Wellington sanciona lei que protege mulheres contra violência política
O projeto de lei é de autoria do deputado estadual Franzé Silva e foi sancionado pelo governador do Piauí na última quinta-feira (23).
Na última quinta-feira (23), o governador Welington Dias sancionou a lei Nº 7.690, que institui 14 de março como o Dia Estadual de Enfrentamento à Violência Política contra as Mulheres no Piauí.
O projeto de lei é de autoria do deputado estadual Franzé Silva (PT). Conforme o governo do estado, a data foi escolhida em referência ao dia em que a vereadora Marielle Franco (PSOL/RJ) foi assassinada, em 2018.
- Foto: Divulgação
Lei que institui o Dia Estadual de Enfrentamento à Violência Política contra as Mulheres no Piauí.
Segundo o texto-base da lei, a violência política contra as mulheres compreende atos físicos, ameaças ou intimidação psicológica e/ou discriminatória praticados com o objetivo de tirar a vida, agredir, ameaçar, ofender ou limitar ilegitimamente o pleno desenvolvimento e participação feminina na política. A instituição da data visa promover conscientização, prevenção e repressão a esse tipo de violência.

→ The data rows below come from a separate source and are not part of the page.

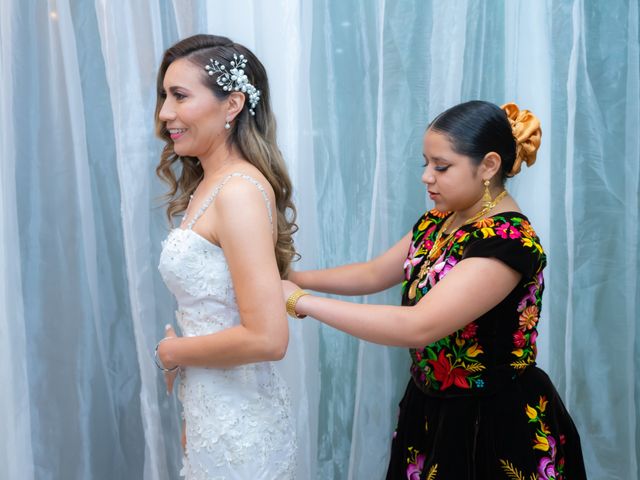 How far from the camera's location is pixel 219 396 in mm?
1402

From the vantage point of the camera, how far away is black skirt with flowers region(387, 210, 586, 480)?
1434 millimetres

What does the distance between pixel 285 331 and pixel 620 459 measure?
4.09 feet

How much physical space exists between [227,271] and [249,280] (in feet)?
0.31

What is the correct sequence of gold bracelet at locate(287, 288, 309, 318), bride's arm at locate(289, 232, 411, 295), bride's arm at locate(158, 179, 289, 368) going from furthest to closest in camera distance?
1. bride's arm at locate(289, 232, 411, 295)
2. gold bracelet at locate(287, 288, 309, 318)
3. bride's arm at locate(158, 179, 289, 368)

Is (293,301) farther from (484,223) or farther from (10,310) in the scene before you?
(10,310)

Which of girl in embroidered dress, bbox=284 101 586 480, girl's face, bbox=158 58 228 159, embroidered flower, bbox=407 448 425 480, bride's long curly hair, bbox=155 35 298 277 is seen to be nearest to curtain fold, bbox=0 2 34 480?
bride's long curly hair, bbox=155 35 298 277

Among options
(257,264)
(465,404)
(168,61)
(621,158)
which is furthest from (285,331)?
(621,158)

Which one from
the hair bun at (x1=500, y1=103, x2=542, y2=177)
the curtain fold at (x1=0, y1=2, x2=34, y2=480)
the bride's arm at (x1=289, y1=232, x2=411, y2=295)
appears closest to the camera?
the hair bun at (x1=500, y1=103, x2=542, y2=177)

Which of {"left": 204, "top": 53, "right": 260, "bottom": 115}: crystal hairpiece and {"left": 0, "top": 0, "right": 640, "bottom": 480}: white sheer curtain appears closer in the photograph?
{"left": 204, "top": 53, "right": 260, "bottom": 115}: crystal hairpiece

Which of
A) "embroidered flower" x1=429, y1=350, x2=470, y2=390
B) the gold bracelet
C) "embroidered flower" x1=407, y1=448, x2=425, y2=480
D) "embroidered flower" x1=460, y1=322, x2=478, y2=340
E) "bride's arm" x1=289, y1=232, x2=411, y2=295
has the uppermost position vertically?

O deputado Franzé Silva explica que a violência tem sido utilizada para atingir grupos historicamente excluídos da política, que é em grande parte as mulheres e que a sansão da lei é mais que importante para a proteção delas.
“A violência tem sido utilizada para atingir objetivos específicos, tendo como alvos os grupos historicamente excluídos da política, entre os quais, em grande parte, as mulheres, intimidando-as, denegrindo-as e censurando-as, de modo a impedir ou interromper sua participação ativa e plena na política. A sanção da Lei é mais um importante passo do Piauí na proteção das mulheres”, explicou.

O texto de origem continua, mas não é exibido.